Task details » Please keep the images out and set down the data exactly as given.

Stored data »
+ + + + + + +
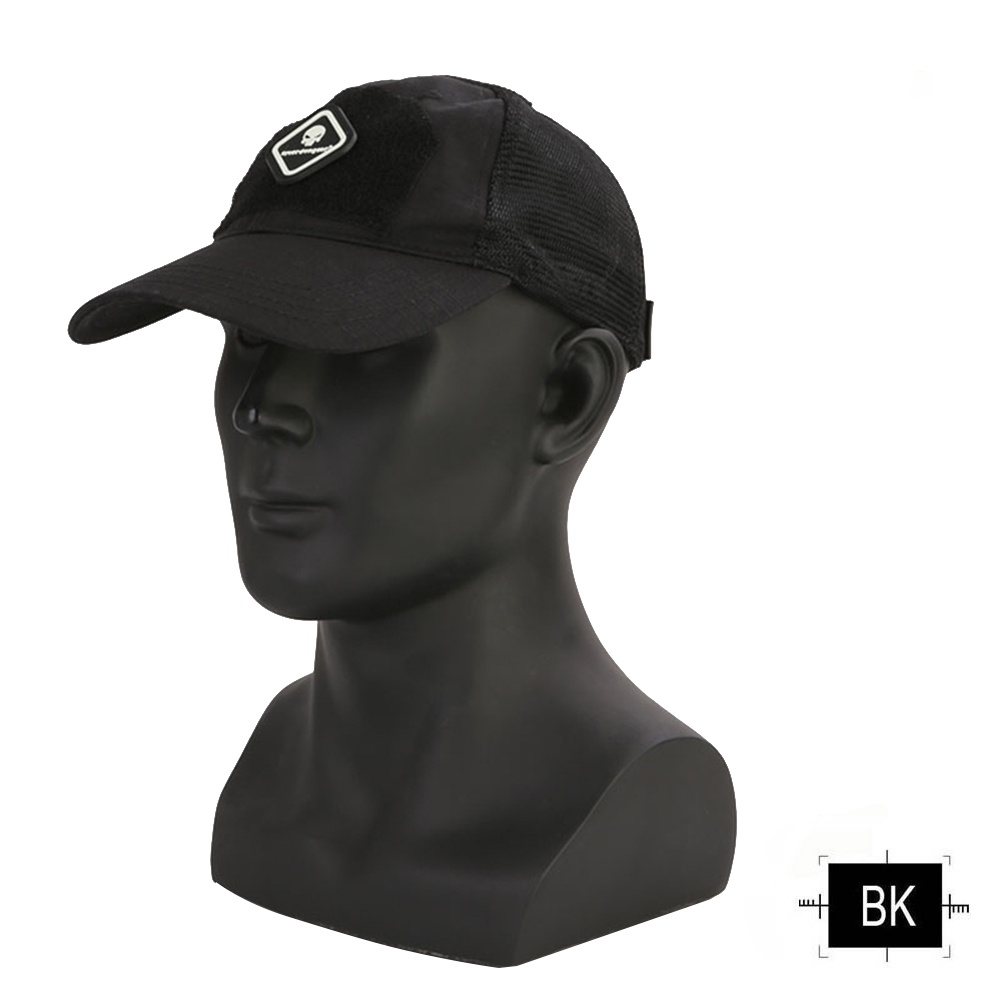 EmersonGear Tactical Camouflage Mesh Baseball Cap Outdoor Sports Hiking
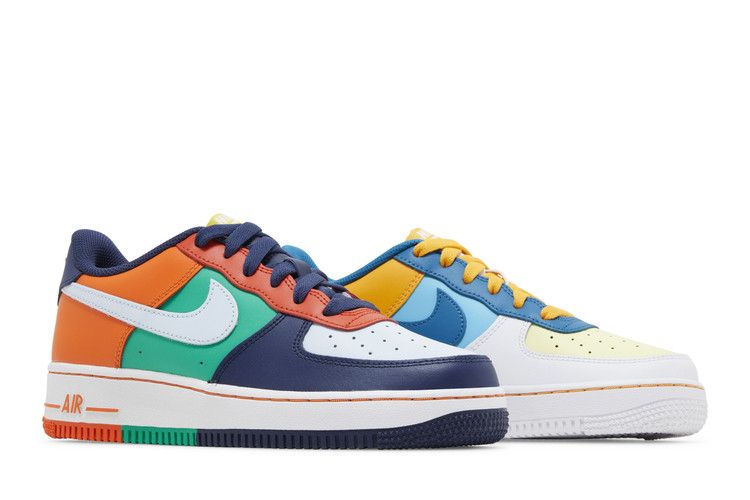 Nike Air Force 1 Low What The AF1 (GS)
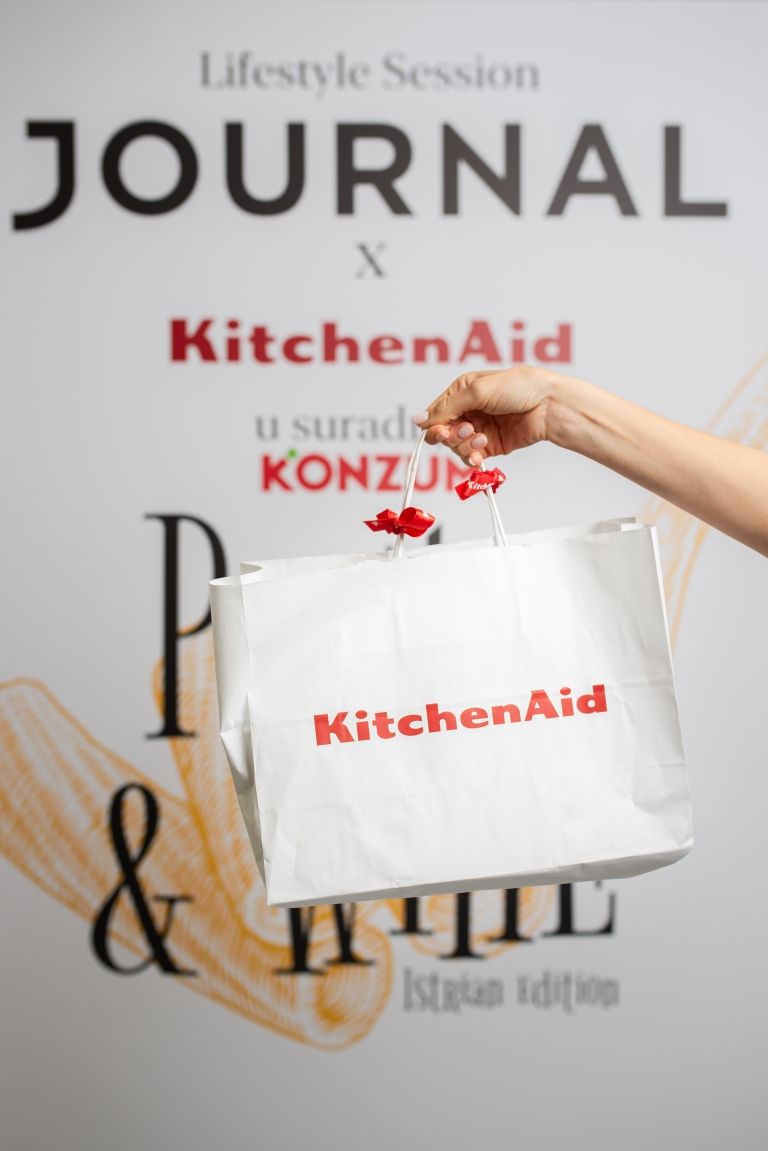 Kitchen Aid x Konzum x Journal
+ + + + + + +
Task result »
 EmersonGear Tactical Camouflage Mesh Baseball Cap Outdoor Sports Hiking
 Nike Air Force 1 Low What The AF1 (GS)
 Kitchen Aid x Konzum x Journal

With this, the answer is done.